§ Records excerpted from a collection
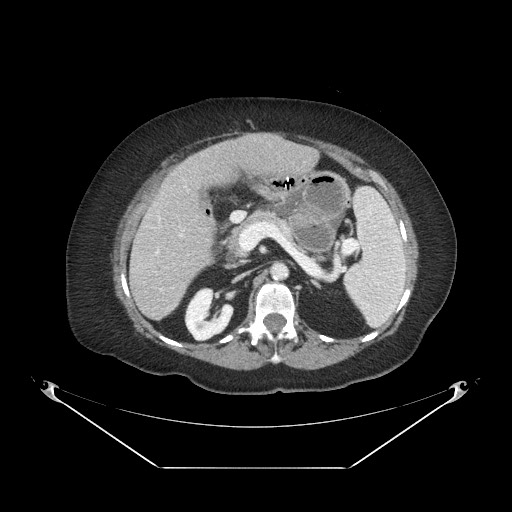 File:Closed loop small bowel obstruction - internal hernia (Radiopaedia 65402-74450 A 39).jpg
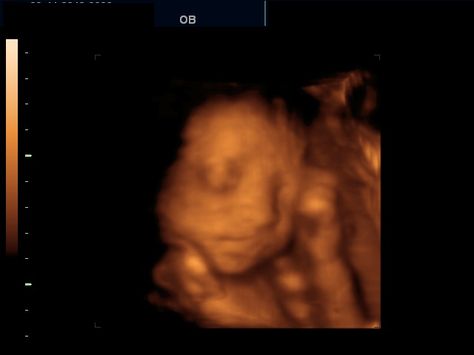 28 Weeks 3d Ultrasound Pictures, Ultrasound Studio, Gender Determination, Studio Pictures, 3d Ultrasound, Ultrasound Pictures, Ultrasound, How To Memorize Things, Quick Saves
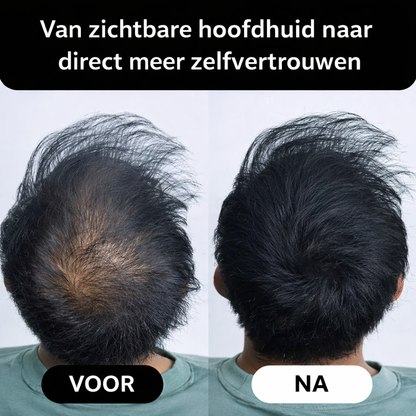 THICKR - Haarlijn Poeder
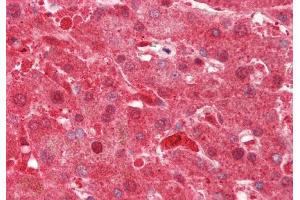 Rabbit Anti-DHODH antibody Catalog Number: ARP41939 Formalin Fixed Paraffin Embedded Tissue: Human Liver Primary antibody Concentration: 1:100 Secondary Antibody: Donkey anti-Rabbit-Cy3 Secondary Antibody Concentration: 1:200 Magnification: 20x Exposure Time: 0.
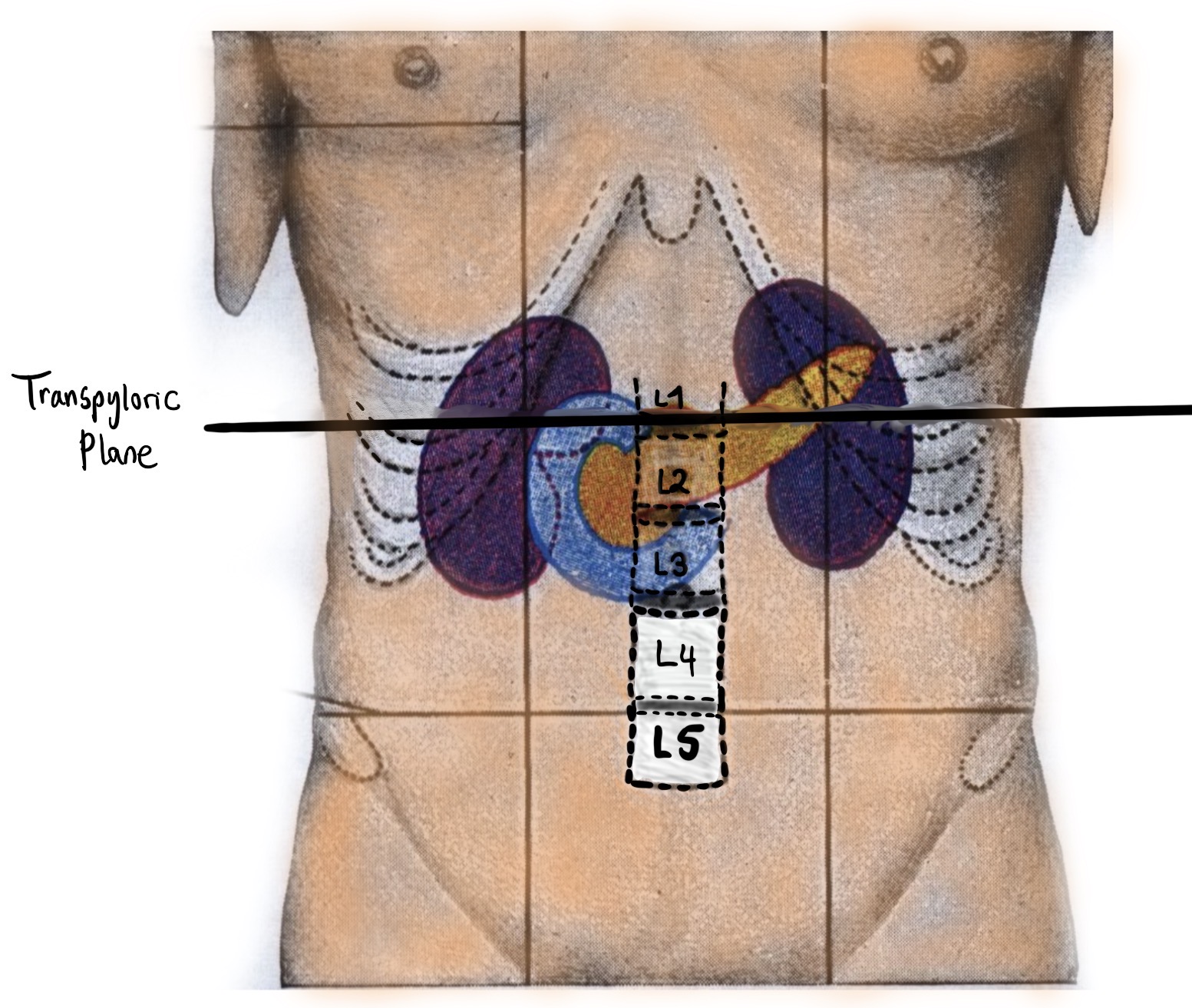 A diagram of the transpyloric plane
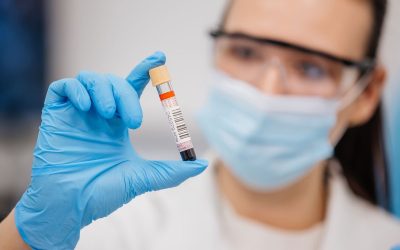 Creatinina: o que é, quando fazer o exame (e valores normais)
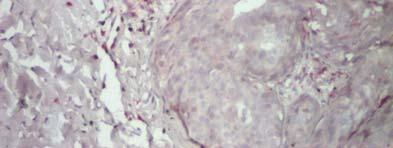15 Cancer mamar tumoră primară Se evidenţiiază relativ numeroase TIL-uri de tip Tc CD8+ (marcaj roz, fucsină),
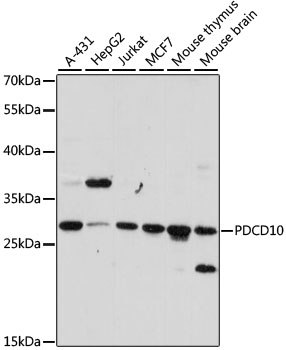 Lane 1: A431 cell lysates; Lane 2: HepG2 cell lysates; Lane 3: Jurkat cell lysates; Lane 4: MCF-7 cell lysates; Lane 5: Mouse Thymus lysates; Lane 6: Mouse Brain lysates probed with PDCD10 Polyclonal Antibody, Unconjugated (bs-55165R) at 1:1000 dilution and 4˚C overnight incubation. Followed by conjugated secondary antibody incubation at 1:20000 for 60 min at 37˚C.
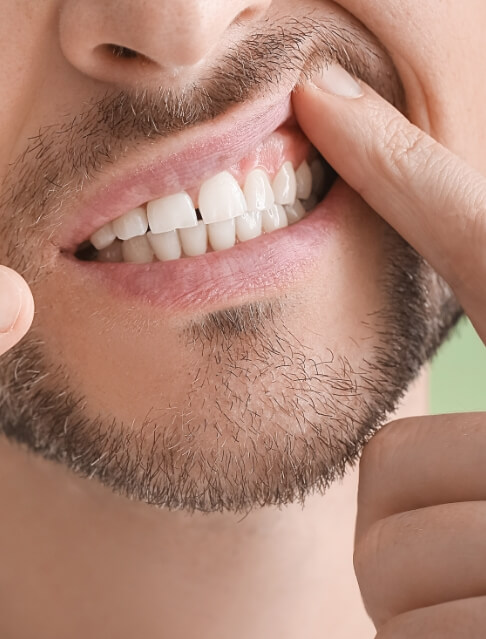 Close up of man pointing to his gums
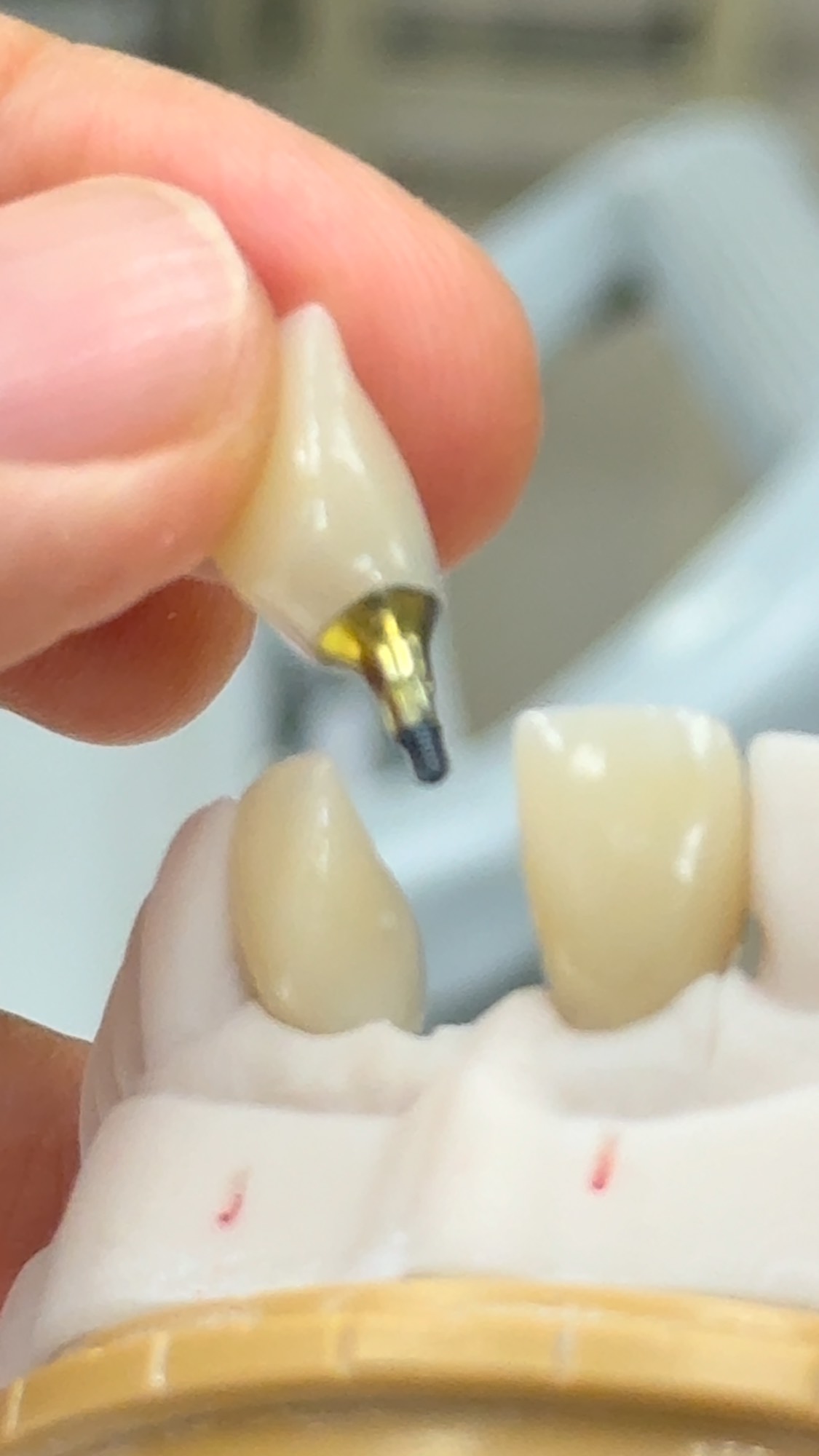 The custom mini syton hybrid implants with ceramics! From Dr.Jonathan ...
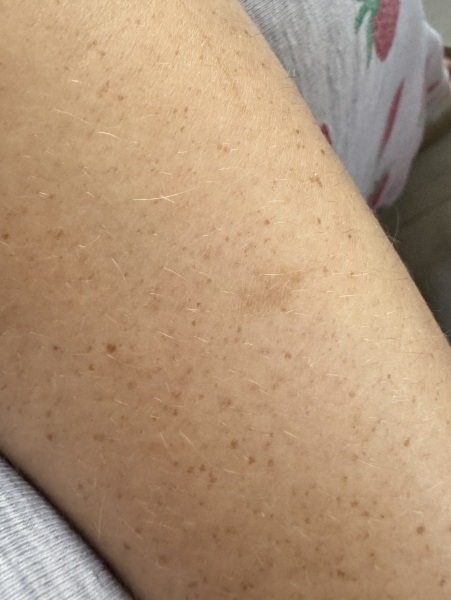 Mole growing? Would you worry?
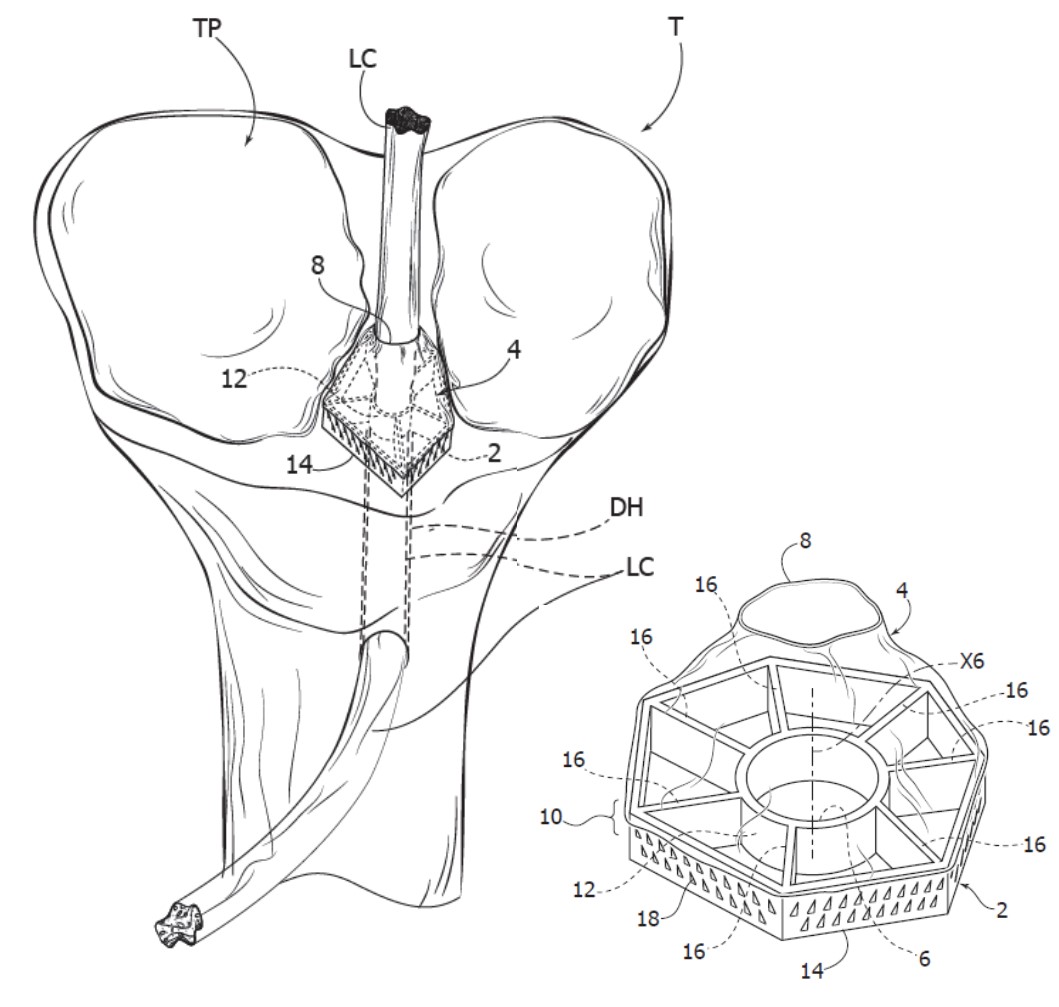 Immagine brevetto "Dispositivo per Intervento di Ricostruzione di un Legamento Crociato"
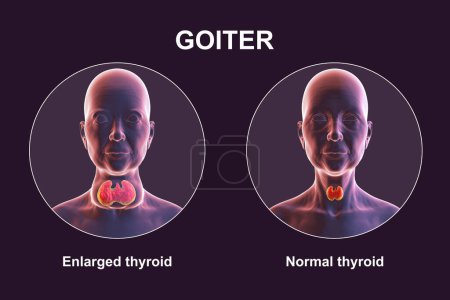 Foto de Una persona con agrandamiento de la glándula tiroides y la misma persona sana para comparar. Antes y después del tratamiento ilustración conceptual 3D. - Imagen libre de derechos
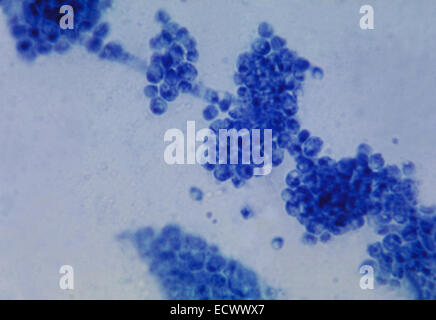 Gramm befleckt Schliffbild von pulmonale candidiasis Stockfoto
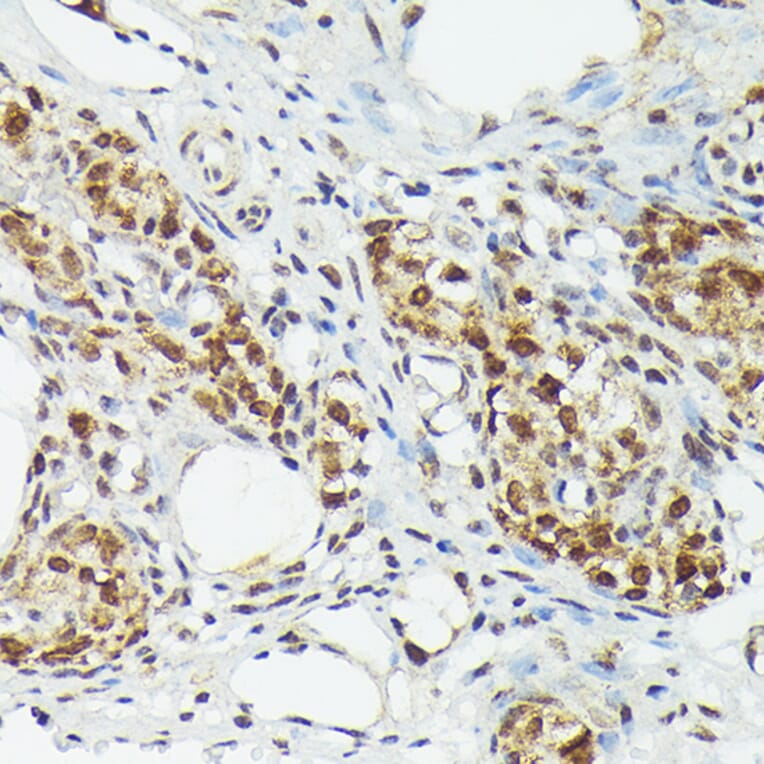 Immunohistochemistry - Anti-Metallothionein Antibody (A13812) - Antibodies.com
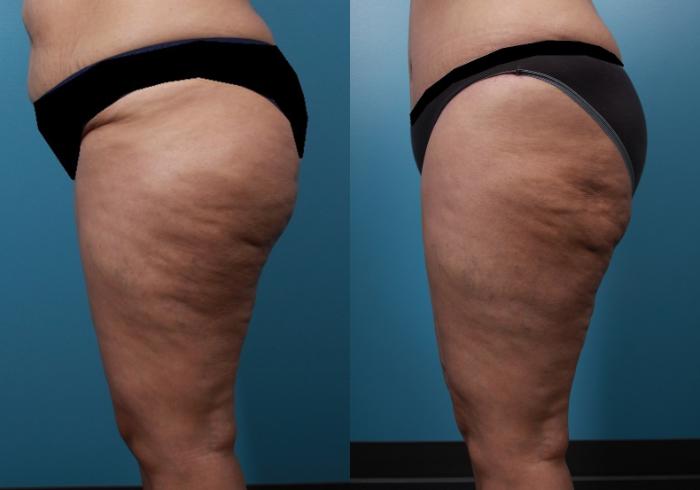 Before & After Liposuction Case 22 View #3 View in Portland, OR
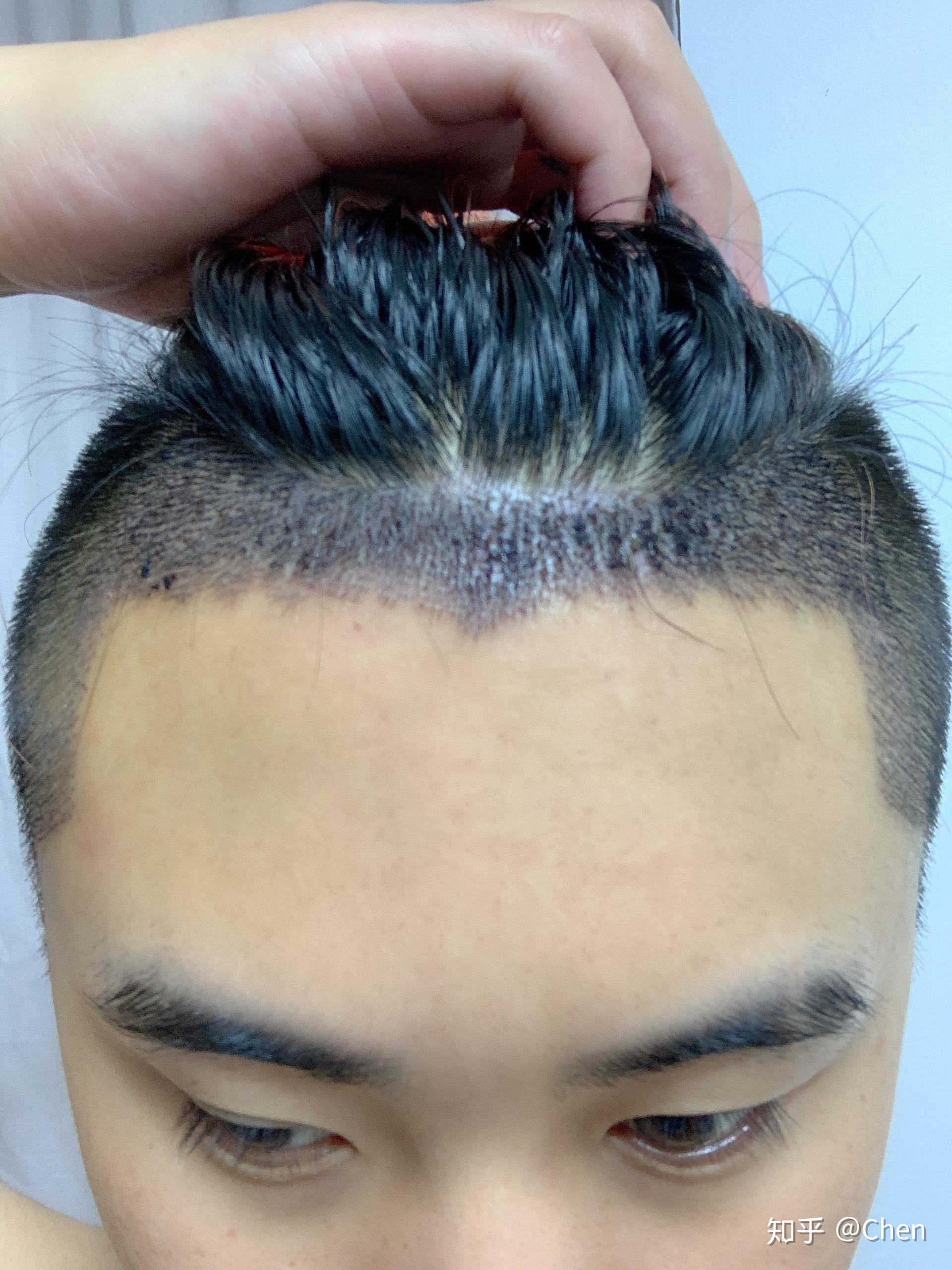 FUE巨量植髮合併醫學生髮讓頭髮逆齡生長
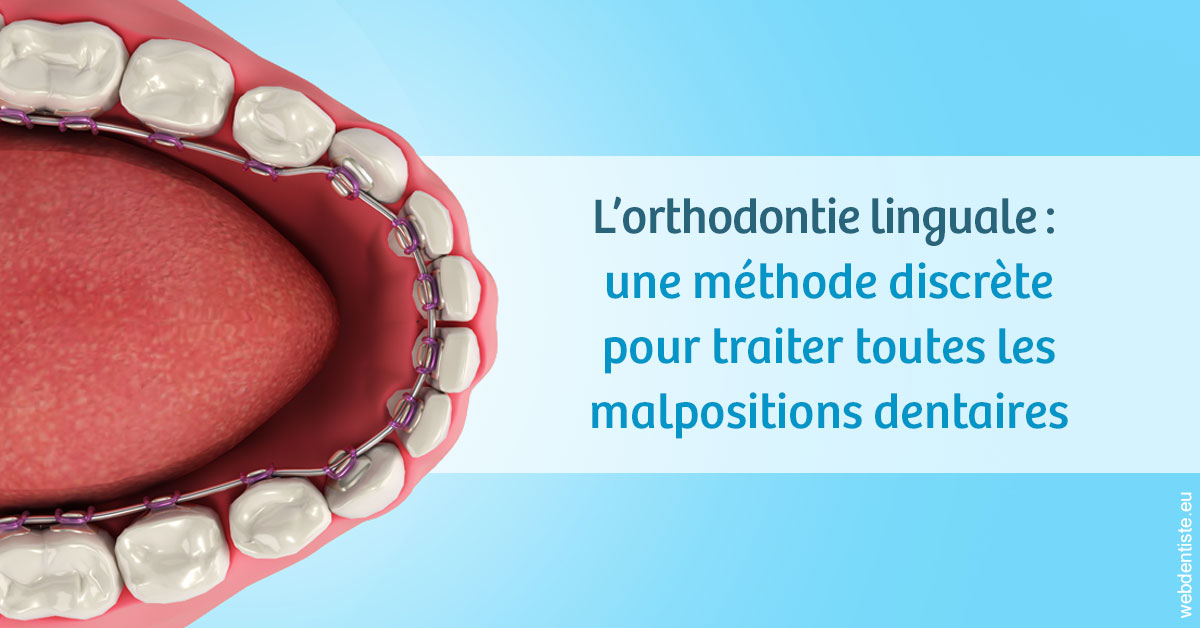 https://dr-dubois-jean-marc.chirurgiens-dentistes.fr/L'orthodontie linguale 1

§ BRIEF
The result should be every line of the data, reproduced exactly, with the images removed.

§ EXERCISE OUTPUT
 File:Closed loop small bowel obstruction - internal hernia (Radiopaedia 65402-74450 A 39).jpg
 28 Weeks 3d Ultrasound Pictures, Ultrasound Studio, Gender Determination, Studio Pictures, 3d Ultrasound, Ultrasound Pictures, Ultrasound, How To Memorize Things, Quick Saves
 THICKR - Haarlijn Poeder
 Rabbit Anti-DHODH antibody Catalog Number: ARP41939 Formalin Fixed Paraffin Embedded Tissue: Human Liver Primary antibody Concentration: 1:100 Secondary Antibody: Donkey anti-Rabbit-Cy3 Secondary Antibody Concentration: 1:200 Magnification: 20x Exposure Time: 0.
 A diagram of the transpyloric plane
 Creatinina: o que é, quando fazer o exame (e valores normais)
15 Cancer mamar tumoră primară Se evidenţiiază relativ numeroase TIL-uri de tip Tc CD8+ (marcaj roz, fucsină),
 Lane 1: A431 cell lysates; Lane 2: HepG2 cell lysates; Lane 3: Jurkat cell lysates; Lane 4: MCF-7 cell lysates; Lane 5: Mouse Thymus lysates; Lane 6: Mouse Brain lysates probed with PDCD10 Polyclonal Antibody, Unconjugated (bs-55165R) at 1:1000 dilution and 4˚C overnight incubation. Followed by conjugated secondary antibody incubation at 1:20000 for 60 min at 37˚C.
 Close up of man pointing to his gums
 The custom mini syton hybrid implants with ceramics! From Dr.Jonathan ...
 Mole growing? Would you worry?
 Immagine brevetto "Dispositivo per Intervento di Ricostruzione di un Legamento Crociato"
 Foto de Una persona con agrandamiento de la glándula tiroides y la misma persona sana para comparar. Antes y después del tratamiento ilustración conceptual 3D. - Imagen libre de derechos
 Gramm befleckt Schliffbild von pulmonale candidiasis Stockfoto
 Immunohistochemistry - Anti-Metallothionein Antibody (A13812) - Antibodies.com
 Before & After Liposuction Case 22 View #3 View in Portland, OR
 FUE巨量植髮合併醫學生髮讓頭髮逆齡生長
 https://dr-dubois-jean-marc.chirurgiens-dentistes.fr/L'orthodontie linguale 1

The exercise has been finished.